# Exercise goal
Transcribe exactly, please, the lines from the one containing "Ducati SuperSport 950" through the end of the records below, and leave out the pictures.
= Beginning of Section =
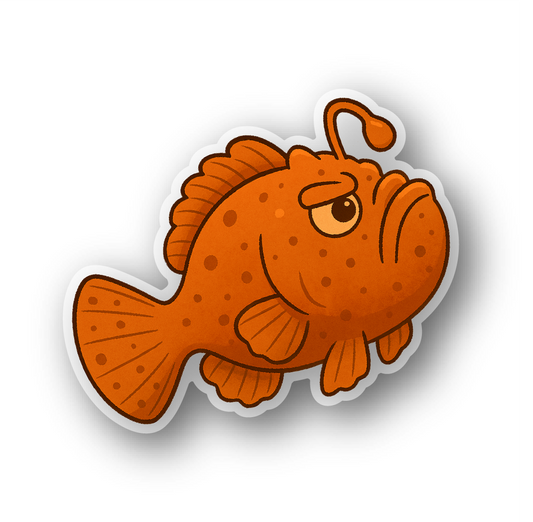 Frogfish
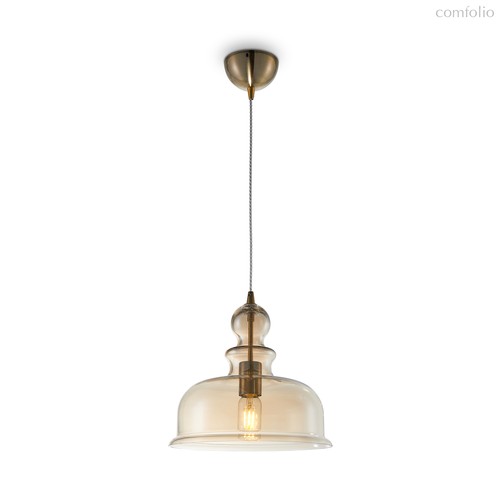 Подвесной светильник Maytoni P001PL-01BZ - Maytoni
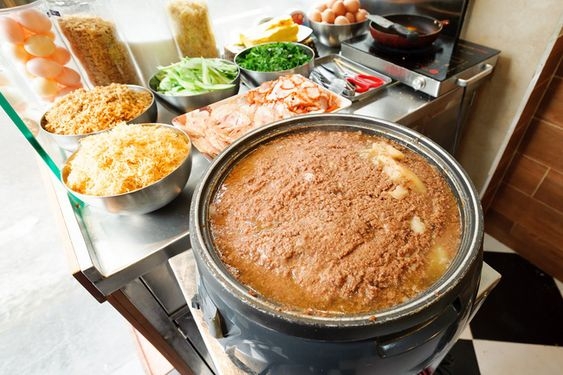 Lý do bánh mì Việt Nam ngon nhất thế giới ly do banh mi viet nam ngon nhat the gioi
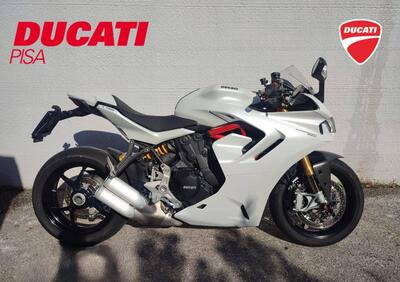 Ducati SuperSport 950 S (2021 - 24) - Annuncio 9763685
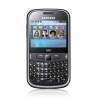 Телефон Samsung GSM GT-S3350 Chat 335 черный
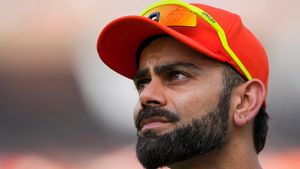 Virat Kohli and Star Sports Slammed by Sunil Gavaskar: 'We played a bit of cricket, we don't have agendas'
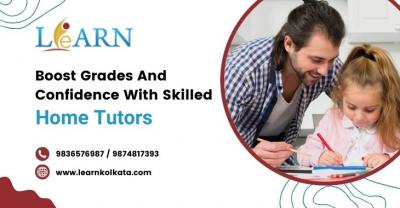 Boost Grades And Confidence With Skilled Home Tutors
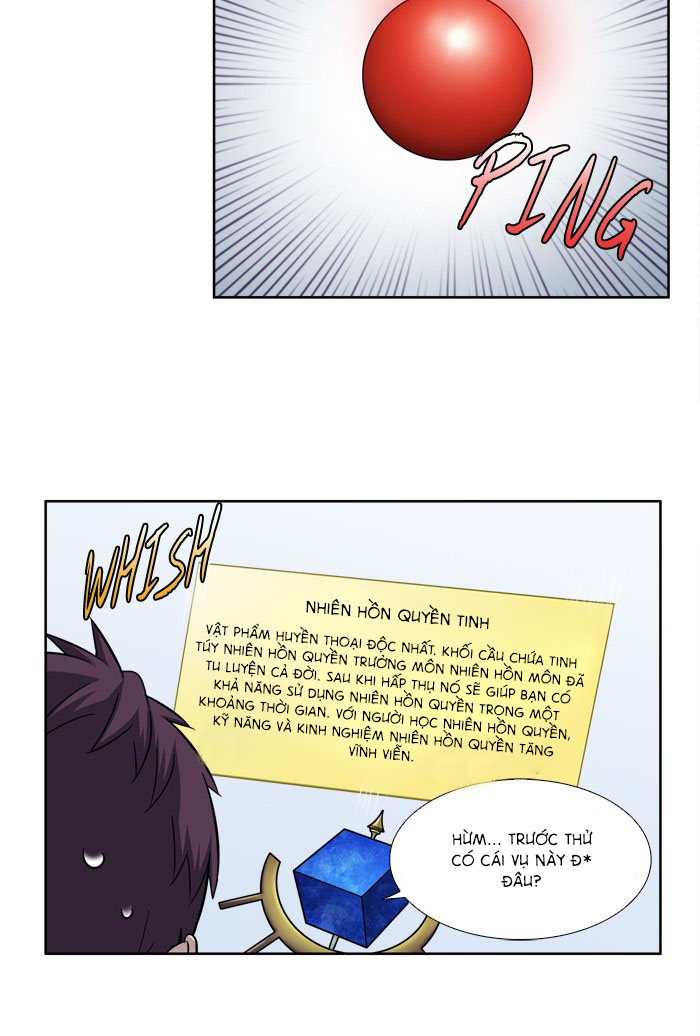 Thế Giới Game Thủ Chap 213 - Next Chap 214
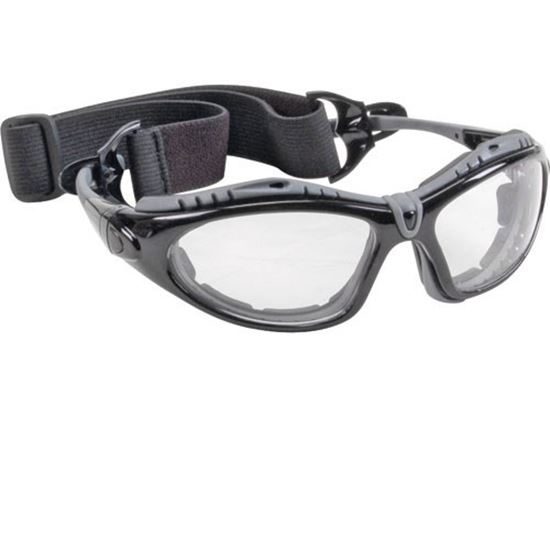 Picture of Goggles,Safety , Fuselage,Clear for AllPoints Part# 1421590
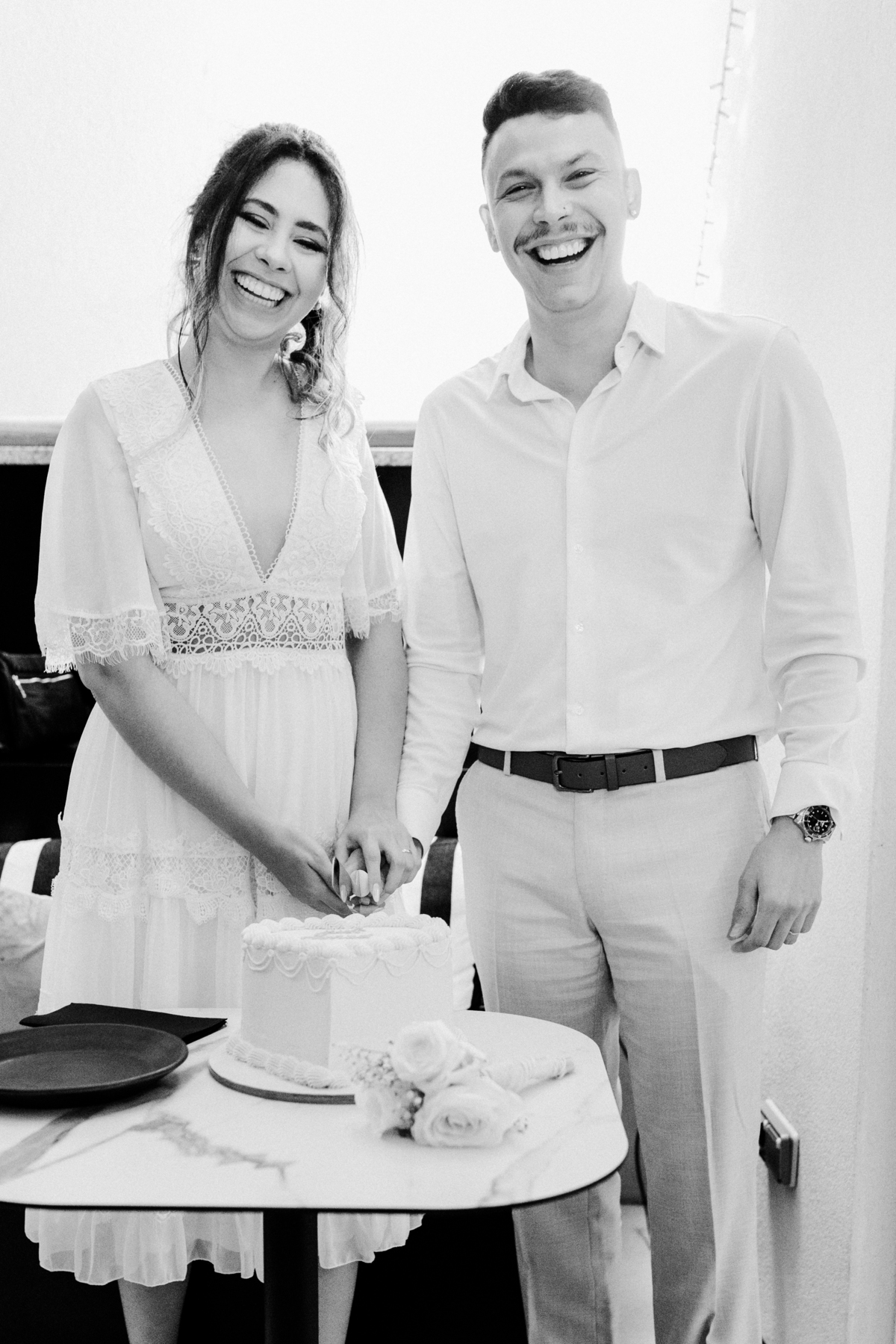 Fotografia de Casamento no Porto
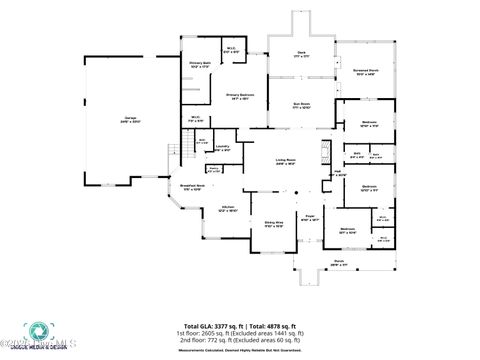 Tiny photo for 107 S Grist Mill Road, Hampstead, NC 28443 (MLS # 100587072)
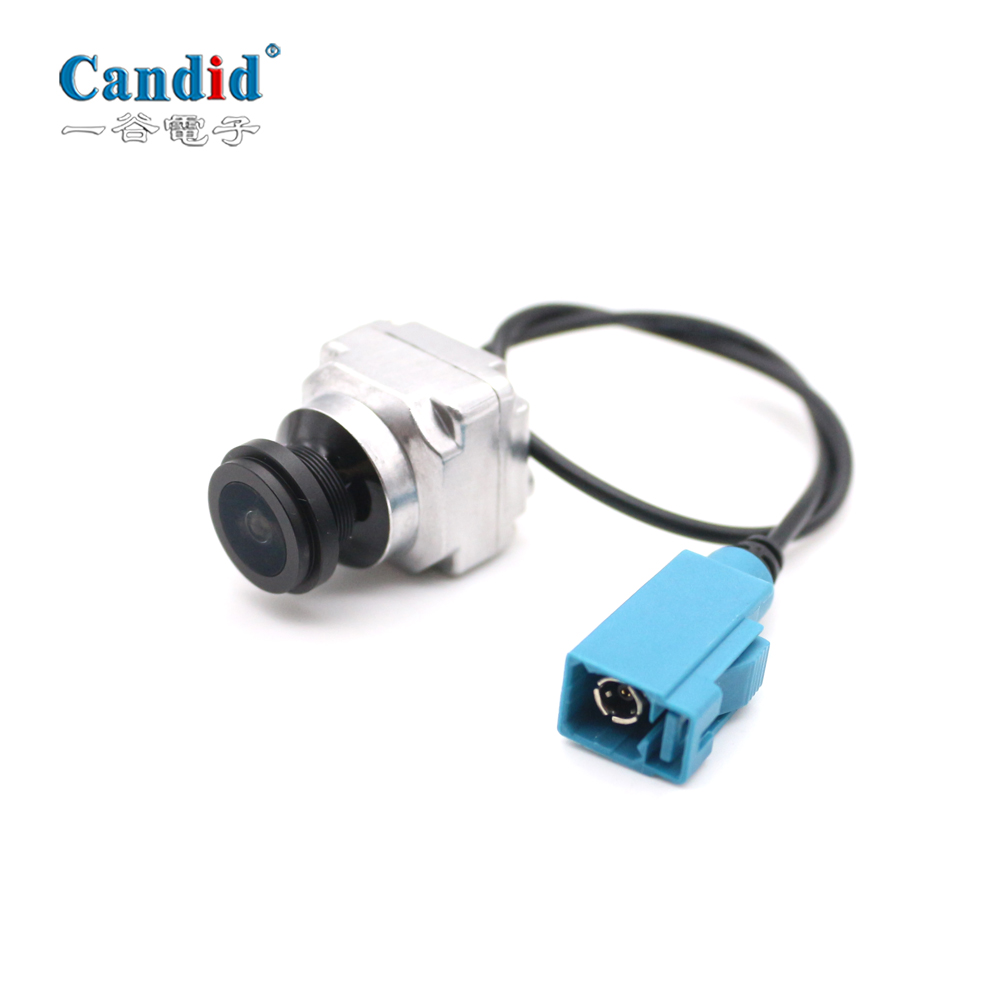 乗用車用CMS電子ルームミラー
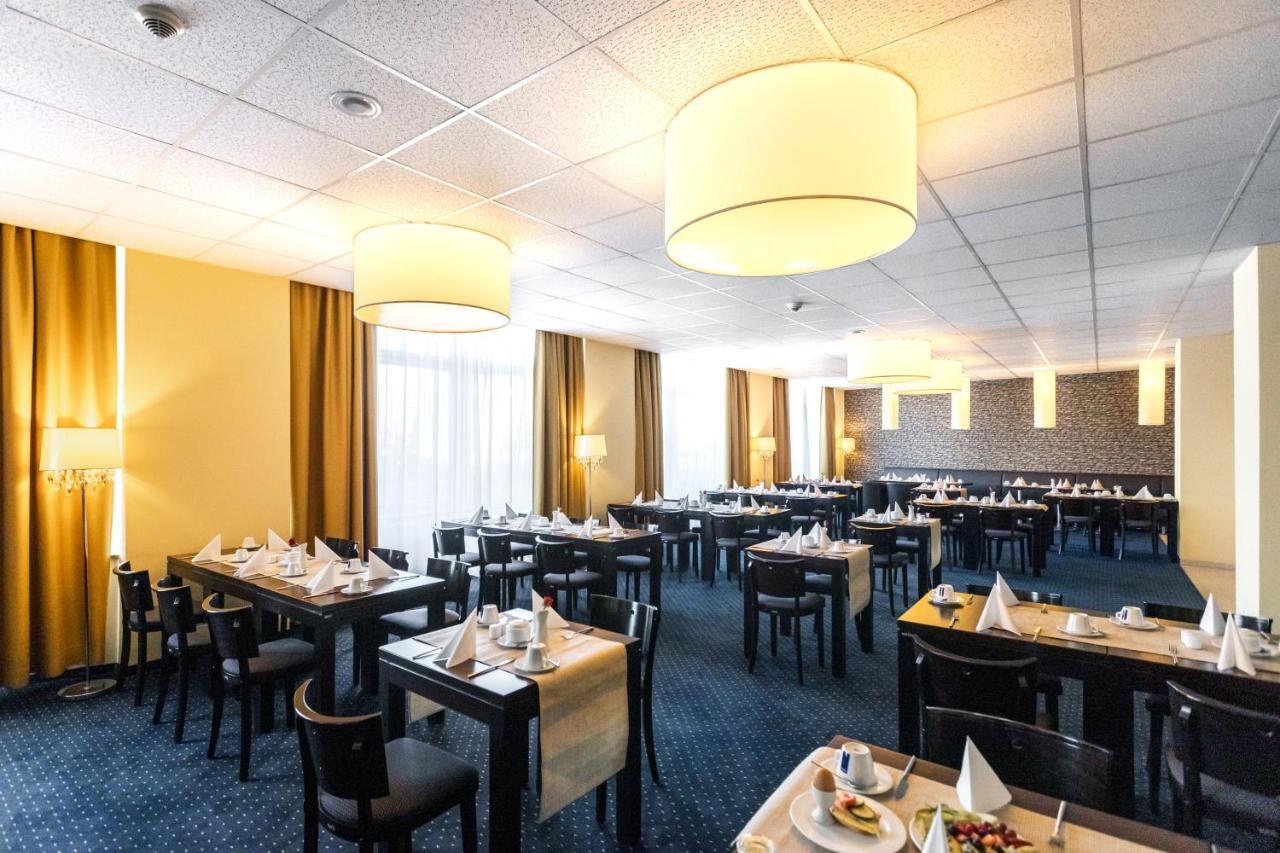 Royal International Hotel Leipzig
= End of Section =
# Your solution
 Ducati SuperSport 950 S (2021 - 24) - Annuncio 9763685
 Телефон Samsung GSM GT-S3350 Chat 335 черный
 Virat Kohli and Star Sports Slammed by Sunil Gavaskar: 'We played a bit of cricket, we don't have agendas'
 Boost Grades And Confidence With Skilled Home Tutors
 Thế Giới Game Thủ Chap 213 - Next Chap 214
 Picture of Goggles,Safety , Fuselage,Clear for AllPoints Part# 1421590
 Fotografia de Casamento no Porto
 Tiny photo for 107 S Grist Mill Road, Hampstead, NC 28443 (MLS # 100587072)
 乗用車用CMS電子ルームミラー
 Royal International Hotel Leipzig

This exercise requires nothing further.